Prior to the filming of The Grand Tour, Clarkson, Hammond, and May presented BBC Two motoring programme Top Gear, with Wilman handling the executive production. In March 2015, it was reported that Clarkson had come under fire by the BBC for entering an altercation with Top Gear producer Oisin Tymon while filming for the show. The BBC chose not to renew Clarkson's contract after news of the altercation came to light. Hammond, May, and Wilman also left the programme afterward. Later in the year, the four signed a deal with Amazon to have an Amazon Video original series. Amazon CEO Jeff Bezos had described the deal as "very, very, very expensive" during an interview with The Daily Telegraph. After the deal was made, the four also created their own production company, named W. Chump and Sons.
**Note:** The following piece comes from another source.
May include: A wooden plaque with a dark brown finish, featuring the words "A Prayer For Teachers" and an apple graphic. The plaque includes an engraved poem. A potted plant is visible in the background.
"The Holy Trinity" marked Jeremy Clarkson's return to presenting since his departure from the BBC. Filming for the arrival in California and the studio recordings took place on 25 September 2016. Amazon had enabled a sweepstakes in July for customers to enter in order to get tickets for the tent recording of the episode. Though acting as the show's first episode to be aired, it was the second episode to have its studio recordings filmed; studio recordings for "Operation Desert Stumble", the second episode, were filmed in Johannesburg, South Africa earlier on 25 July. In October, it was revealed that the opening scene for the episode cost £2.5 million (equivalent to $3.2 million) to make, making it the most expensive scene made in television history. Production of the episode was handled by Clarkson, Hammond, May, and Wilman's independent production company W. Chump & Sons. Similar to Top Gear, Wilman served as the executive producer. The episode is presented, at maximum, in 4K Ultra HD, running at 23.98 frames per second with HDR.

==Release and reception==
The Grand Tour is an Amazon Video original series and is exclusive to Amazon Prime members. It was scheduled for an 18 November 2016 release at 00:01 GMT, but was released an hour earlier on 17 November at 23:00 GMT instead. The opening weekend for the episode attracted about 1,954,000 viewers in the 18–49 age range, tripling that of The Man in the High Castle, another show on Amazon Video. Non-Prime members were able to watch the episode for free from 23 to 26 December.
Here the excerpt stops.